DATA FOR REVIEW —
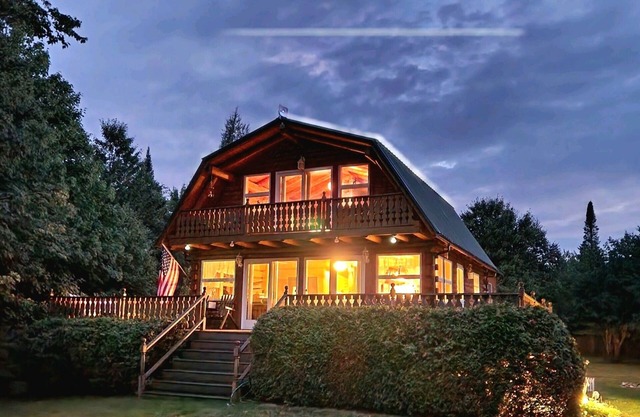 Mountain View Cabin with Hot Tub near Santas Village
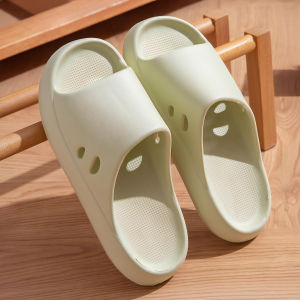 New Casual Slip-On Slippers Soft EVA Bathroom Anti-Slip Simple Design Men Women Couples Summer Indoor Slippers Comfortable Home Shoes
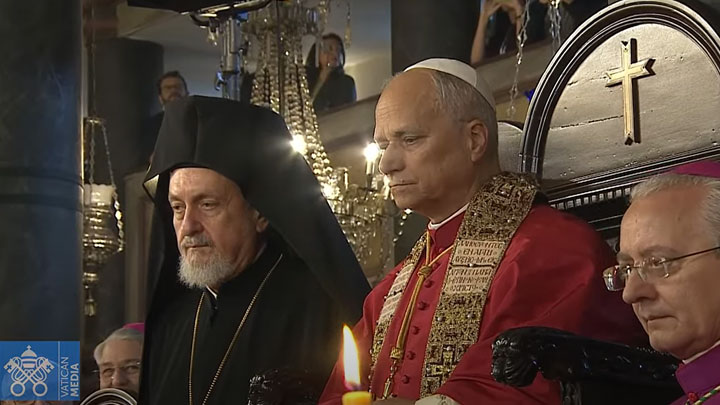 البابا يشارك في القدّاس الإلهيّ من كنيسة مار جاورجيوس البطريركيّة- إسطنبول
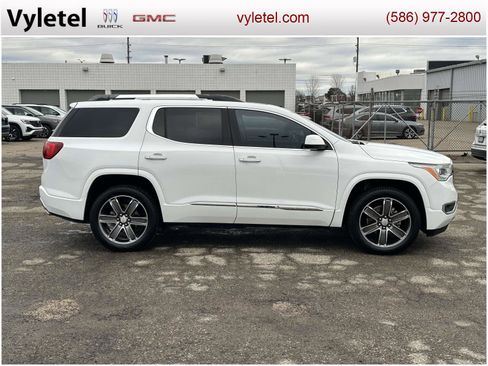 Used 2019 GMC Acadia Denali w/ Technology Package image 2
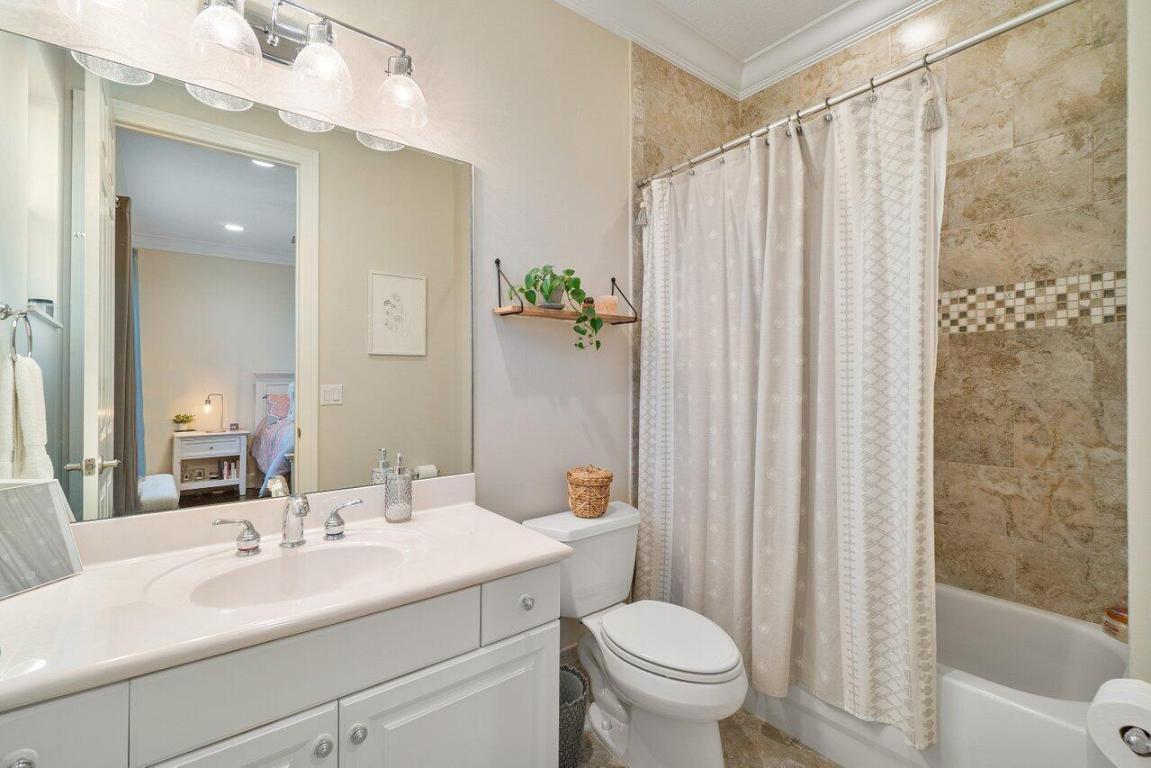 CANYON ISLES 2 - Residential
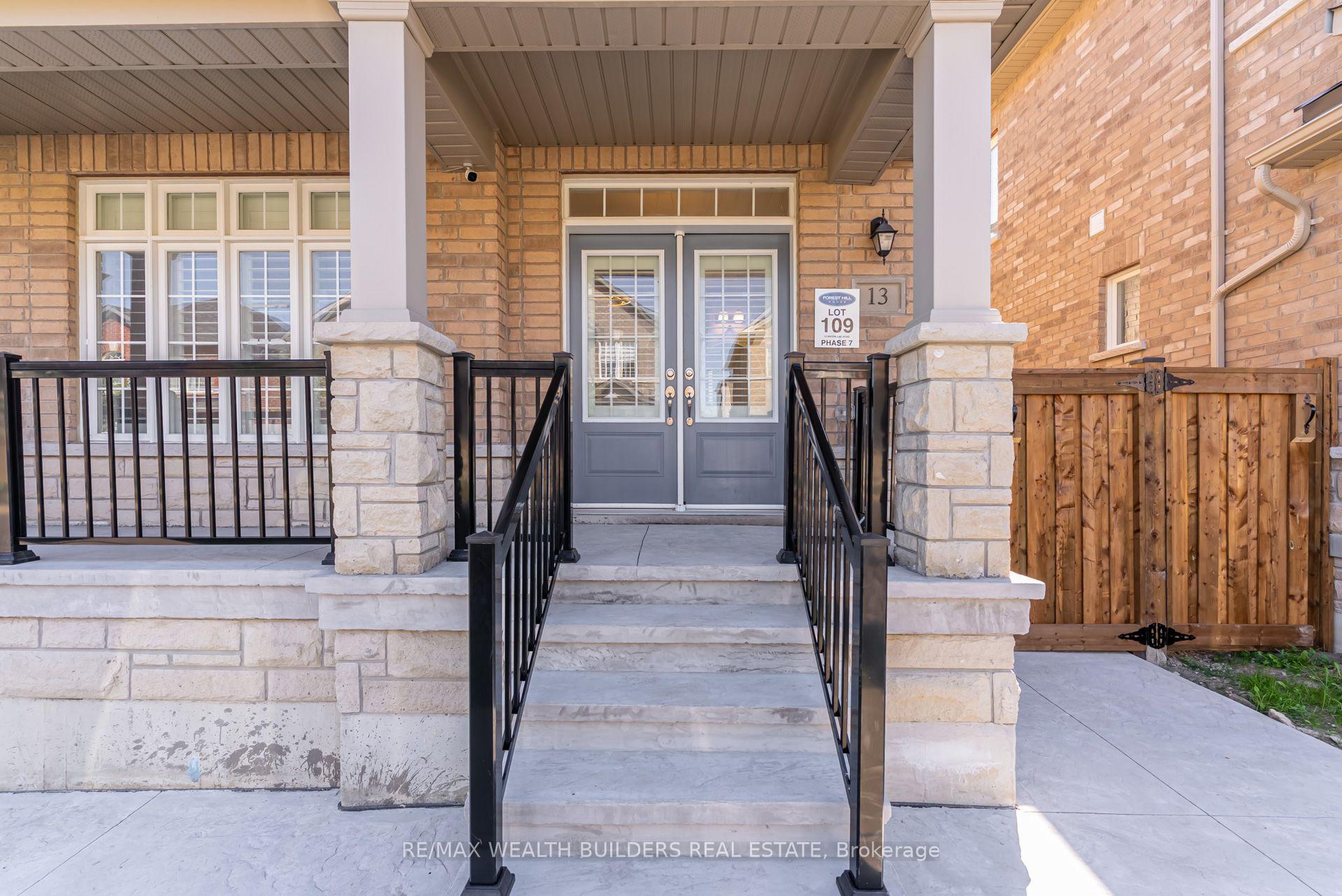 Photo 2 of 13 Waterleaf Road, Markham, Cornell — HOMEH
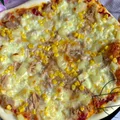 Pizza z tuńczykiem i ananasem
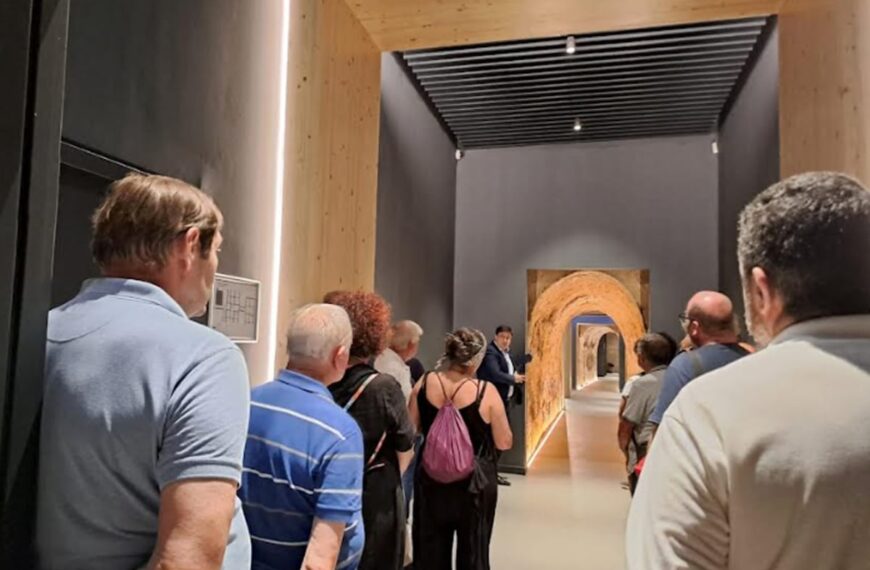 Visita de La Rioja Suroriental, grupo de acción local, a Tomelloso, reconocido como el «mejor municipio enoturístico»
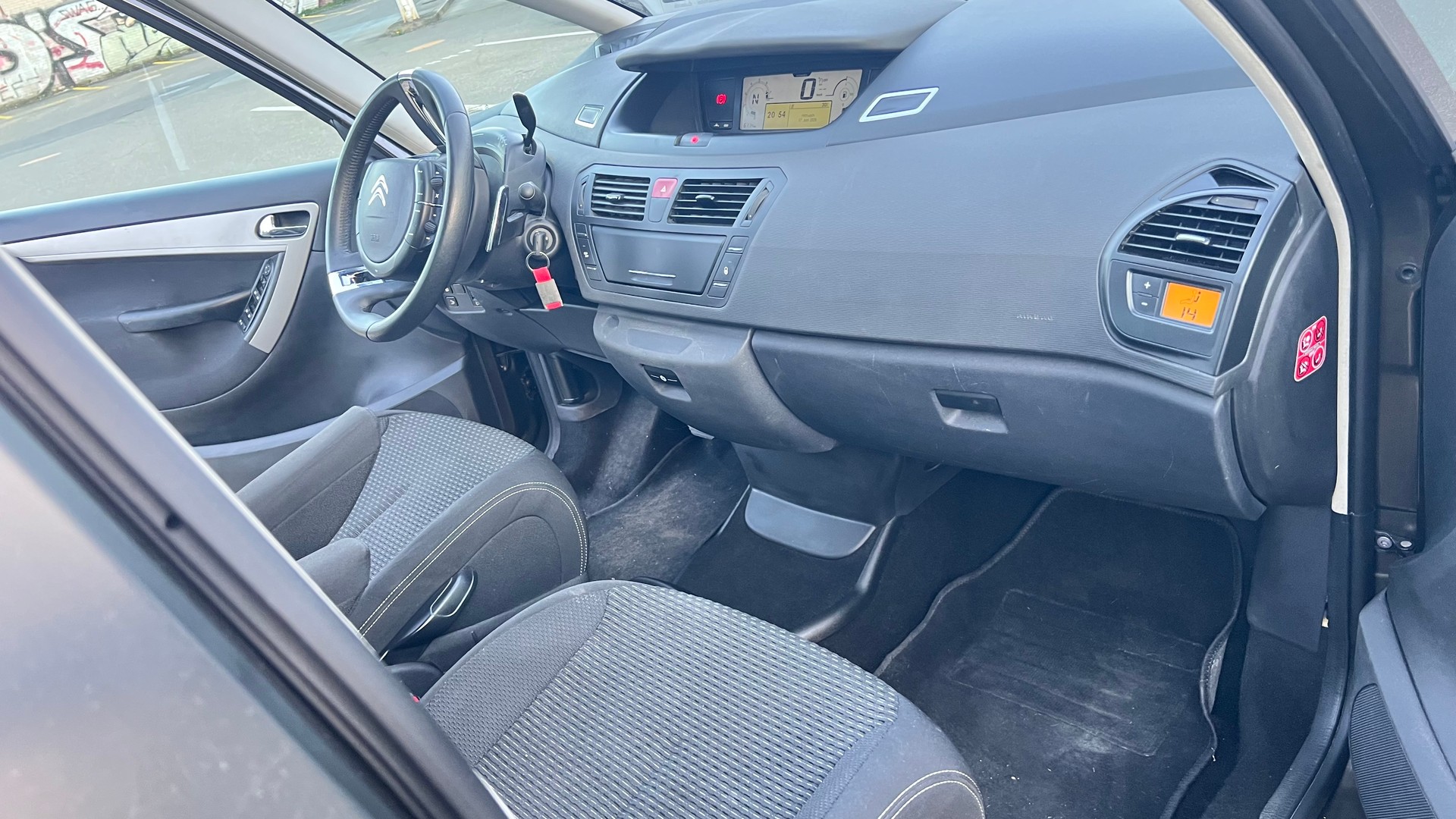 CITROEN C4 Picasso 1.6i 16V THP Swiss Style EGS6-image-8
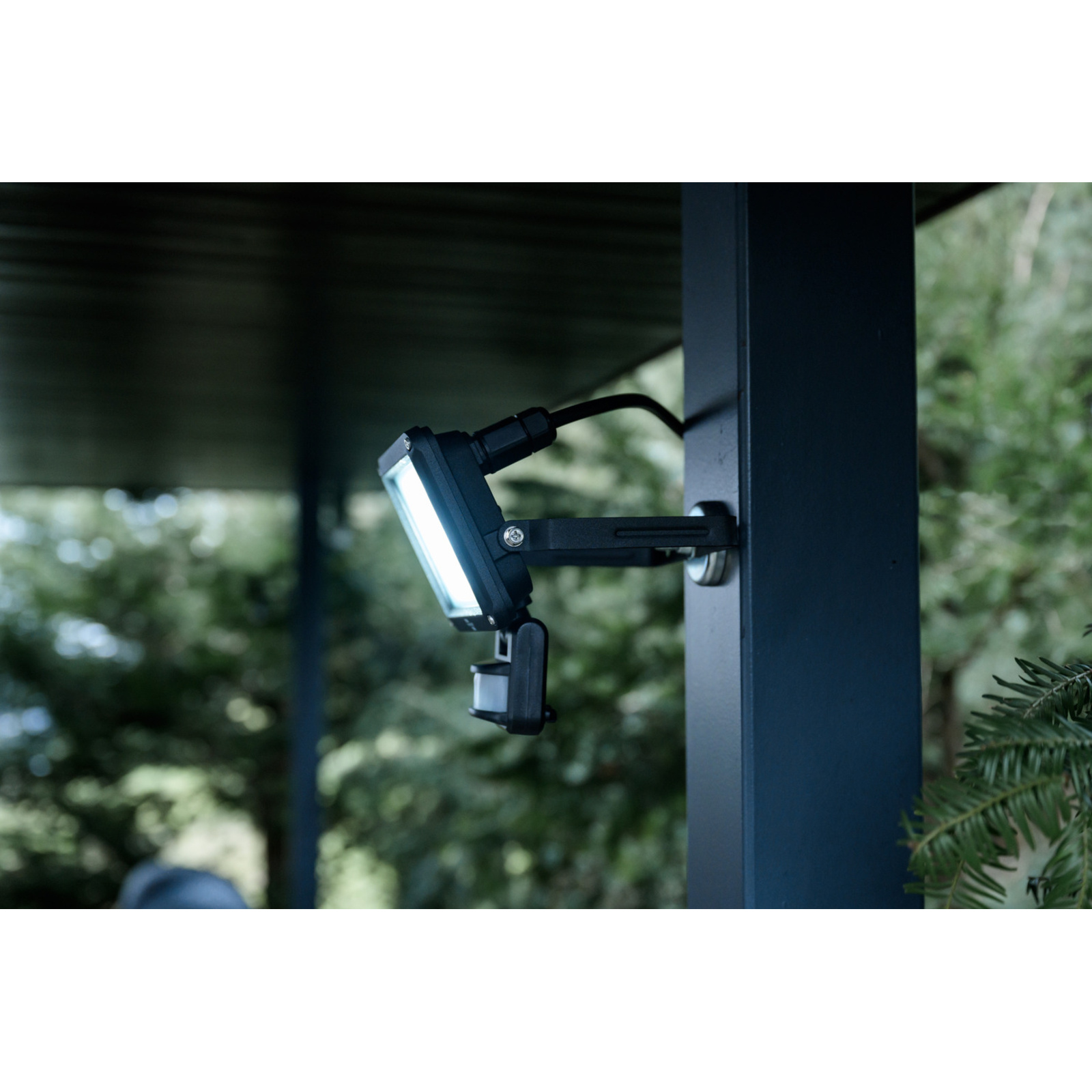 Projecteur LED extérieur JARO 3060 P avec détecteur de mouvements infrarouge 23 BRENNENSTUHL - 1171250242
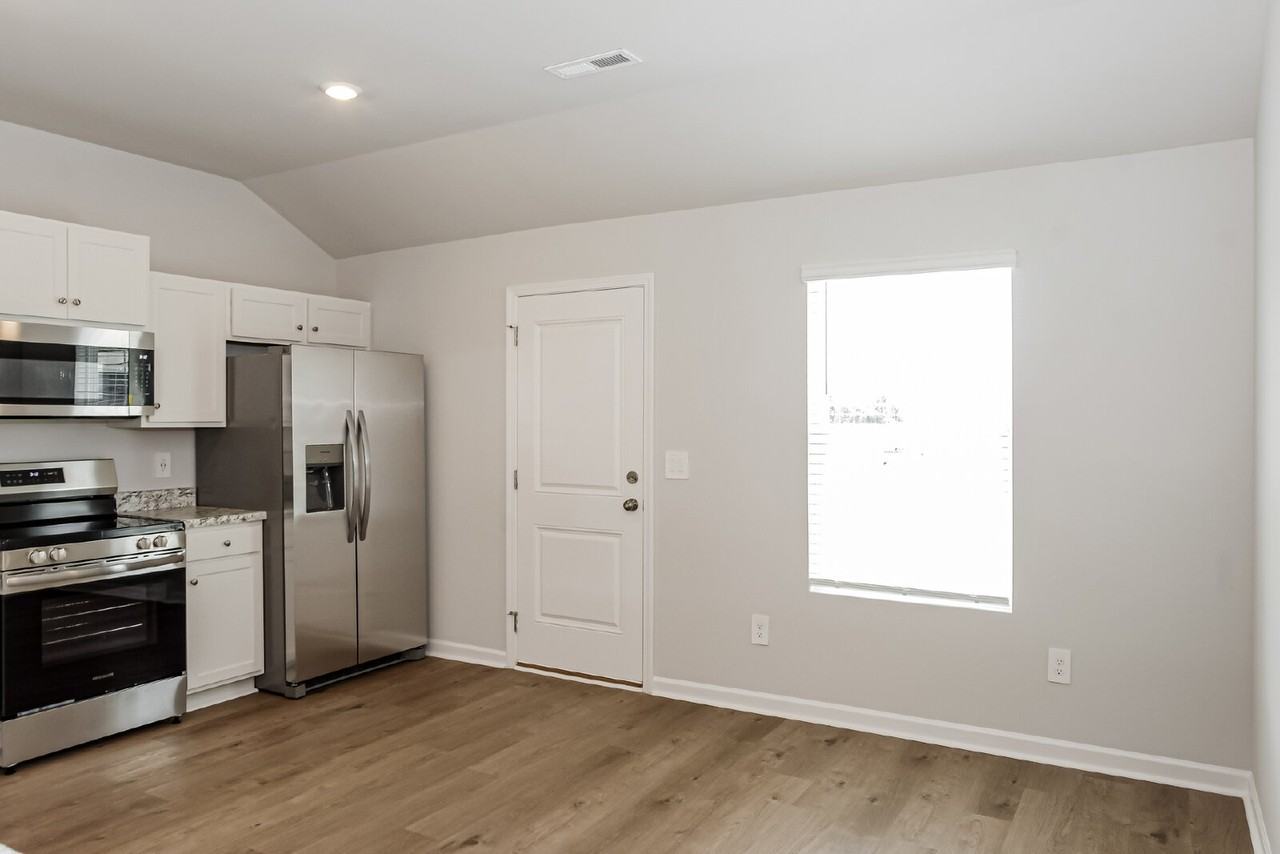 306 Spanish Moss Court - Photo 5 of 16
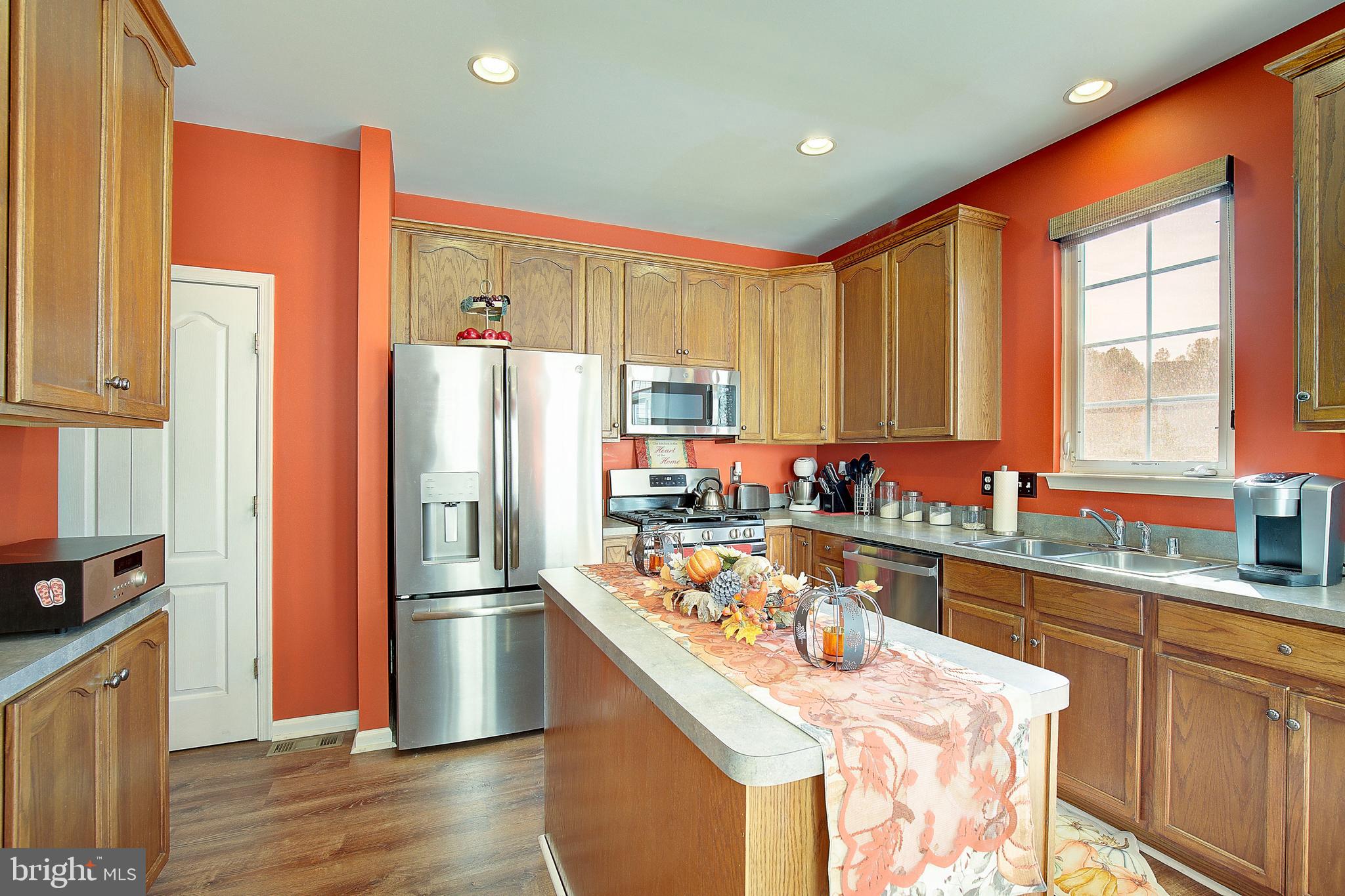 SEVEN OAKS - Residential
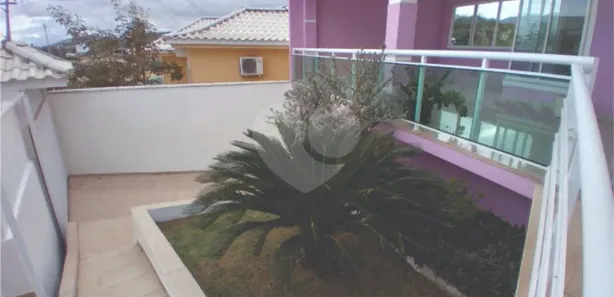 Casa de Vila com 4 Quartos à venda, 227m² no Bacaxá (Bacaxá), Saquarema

TASK TO CARRY OUT — Write every record out again exactly as written. Pictures don't belong in the copy.

ANSWER TO THIS TASK —
 Mountain View Cabin with Hot Tub near Santas Village
 New Casual Slip-On Slippers Soft EVA Bathroom Anti-Slip Simple Design Men Women Couples Summer Indoor Slippers Comfortable Home Shoes
 البابا يشارك في القدّاس الإلهيّ من كنيسة مار جاورجيوس البطريركيّة- إسطنبول
 Used 2019 GMC Acadia Denali w/ Technology Package image 2
 CANYON ISLES 2 - Residential
 Photo 2 of 13 Waterleaf Road, Markham, Cornell — HOMEH
 Pizza z tuńczykiem i ananasem
 Visita de La Rioja Suroriental, grupo de acción local, a Tomelloso, reconocido como el «mejor municipio enoturístico»
 CITROEN C4 Picasso 1.6i 16V THP Swiss Style EGS6-image-8
 Projecteur LED extérieur JARO 3060 P avec détecteur de mouvements infrarouge 23 BRENNENSTUHL - 1171250242
 306 Spanish Moss Court - Photo 5 of 16
 SEVEN OAKS - Residential
 Casa de Vila com 4 Quartos à venda, 227m² no Bacaxá (Bacaxá), Saquarema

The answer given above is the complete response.